Le film avait remporté le César du meilleur scénario adapté. Elle avait écrit sept autres romans, deux essais, des nouvelles. Les droits d’auteur, les adaptations, les traductions représentaient chaque année une somme importante. Hélène avait tout géré avec son éditeur et son agent littéraire.
Dans les derniers mois, elle avait créé une SARL de gestion des droits dont j’étais désormais l’unique associé. Je n’avais rien à faire qu’encaisser. Mais ce n’était pas tout. Elle avait hérité d’une maison de sa tante Marguerite, en Bretagne, près de Locronan.

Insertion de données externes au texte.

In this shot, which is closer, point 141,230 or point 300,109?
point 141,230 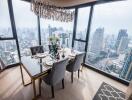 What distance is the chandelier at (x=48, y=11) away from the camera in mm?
1814

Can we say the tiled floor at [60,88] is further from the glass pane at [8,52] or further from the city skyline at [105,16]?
the city skyline at [105,16]

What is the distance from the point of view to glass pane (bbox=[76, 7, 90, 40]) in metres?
3.35

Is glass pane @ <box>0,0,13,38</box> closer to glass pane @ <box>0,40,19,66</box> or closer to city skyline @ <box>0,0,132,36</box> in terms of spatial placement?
city skyline @ <box>0,0,132,36</box>

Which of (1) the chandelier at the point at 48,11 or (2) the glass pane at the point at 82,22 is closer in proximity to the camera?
(1) the chandelier at the point at 48,11

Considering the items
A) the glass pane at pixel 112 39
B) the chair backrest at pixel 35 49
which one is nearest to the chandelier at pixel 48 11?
the chair backrest at pixel 35 49

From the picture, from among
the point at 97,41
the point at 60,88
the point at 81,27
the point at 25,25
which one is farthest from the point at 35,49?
the point at 97,41

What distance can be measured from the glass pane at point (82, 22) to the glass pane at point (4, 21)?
8.94 feet

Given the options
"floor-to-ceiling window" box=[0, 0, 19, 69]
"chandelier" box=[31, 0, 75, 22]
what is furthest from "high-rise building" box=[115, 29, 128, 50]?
"floor-to-ceiling window" box=[0, 0, 19, 69]

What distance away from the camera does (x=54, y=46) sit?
2.18m

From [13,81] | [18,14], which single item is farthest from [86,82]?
[18,14]

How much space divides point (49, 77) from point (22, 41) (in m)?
2.29

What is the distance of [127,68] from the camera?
2.55m

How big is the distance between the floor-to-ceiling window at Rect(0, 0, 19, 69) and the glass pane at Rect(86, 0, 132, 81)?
10.1 feet

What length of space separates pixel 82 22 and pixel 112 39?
143 centimetres
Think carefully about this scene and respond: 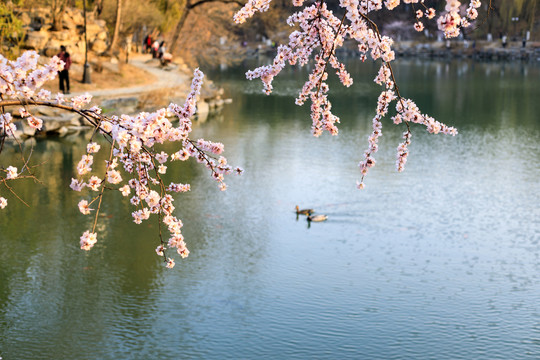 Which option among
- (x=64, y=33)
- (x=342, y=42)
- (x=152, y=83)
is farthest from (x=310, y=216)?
(x=152, y=83)

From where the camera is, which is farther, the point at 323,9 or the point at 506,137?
the point at 506,137

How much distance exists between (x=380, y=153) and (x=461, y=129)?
17.8ft

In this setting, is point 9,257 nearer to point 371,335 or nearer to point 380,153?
point 371,335

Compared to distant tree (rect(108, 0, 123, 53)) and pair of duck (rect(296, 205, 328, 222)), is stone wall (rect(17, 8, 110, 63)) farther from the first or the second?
pair of duck (rect(296, 205, 328, 222))

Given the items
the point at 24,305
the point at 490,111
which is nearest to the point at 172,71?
the point at 490,111

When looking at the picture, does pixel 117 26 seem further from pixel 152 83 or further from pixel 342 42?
pixel 342 42

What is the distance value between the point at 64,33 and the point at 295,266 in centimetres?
1871

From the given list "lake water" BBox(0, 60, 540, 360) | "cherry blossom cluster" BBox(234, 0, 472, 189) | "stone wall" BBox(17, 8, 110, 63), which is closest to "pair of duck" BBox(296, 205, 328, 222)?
"lake water" BBox(0, 60, 540, 360)

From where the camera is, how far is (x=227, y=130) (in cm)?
2572

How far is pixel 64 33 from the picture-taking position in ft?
94.9

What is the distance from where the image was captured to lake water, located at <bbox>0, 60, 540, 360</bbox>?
1066cm

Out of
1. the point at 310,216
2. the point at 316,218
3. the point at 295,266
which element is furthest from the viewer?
the point at 310,216

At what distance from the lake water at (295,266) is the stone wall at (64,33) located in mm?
7160

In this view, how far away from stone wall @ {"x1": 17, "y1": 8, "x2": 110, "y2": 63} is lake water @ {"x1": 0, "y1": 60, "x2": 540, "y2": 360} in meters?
7.16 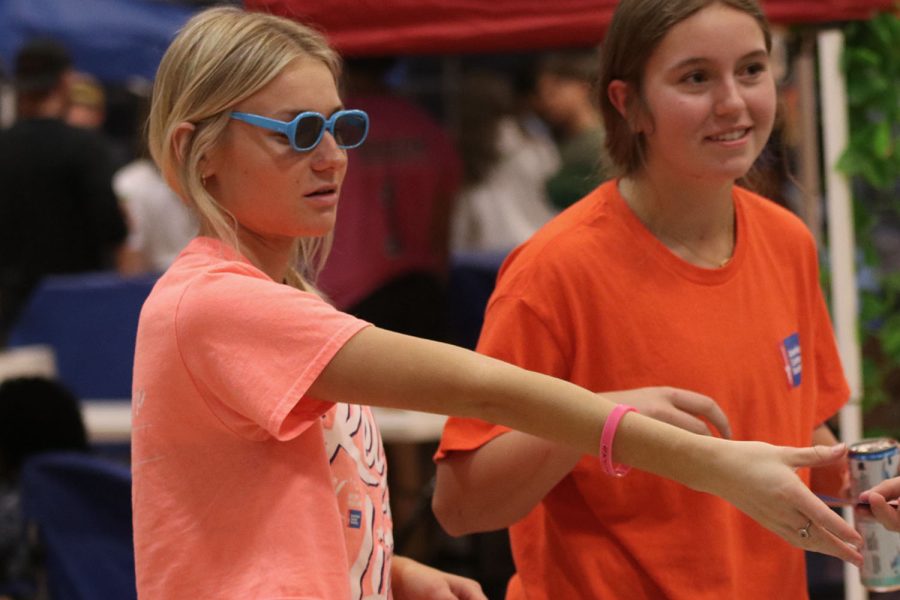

Une vieille bâtisse en pierre, un jardin qui descendait vers les champs, à dix minutes de la mer. Elle y allait parfois seule, pour écrire. En juin, elle l’avait fait estimer : six cent quarante mille euros. Dans son testament, elle me la légua en pleine propriété, avec l’intégralité de la SARL.
À notre fils, elle laissait l’appartement. J’ai relu cette partie deux fois. Elle savait ce que notre fils ferait. Elle avait vu depuis plus longtemps que moi ce que son mariage avait fait de lui, comment sa belle-fille l’avait éloigné de nous.
Elle n’avait rien dit, parce qu’on espère toujours se tromper. Mais elle n’avait pas voulu me laisser sans protection. Les semaines suivantes ont eu une texture bizarre. Mon fils appelait régulièrement pour parler de l’appartement.
Sa femme m’envoyait des articles sur les accidents domestiques et les bienfaits des résidences. Je les lisais et je les rangeais sans répondre. En décembre, ils sont revenus dîner. Au moment du café, mon fils a sorti un document plié de sa veste.
— J’ai parlé à un notaire. Tu signes une procuration et on peut mettre l’appartement en vente dès janvier. — Vous avez déjà choisi la résidence ? Sa femme s’est illuminée.
Une résidence à Versailles, une piscine, des activités, du personnel disponible vingt-quatre heures sur vingt-quatre. Elle avait visité, avait parlé à la directrice, sans me demander mon avis. Mon fils regardait son café. Il n’a rien dit.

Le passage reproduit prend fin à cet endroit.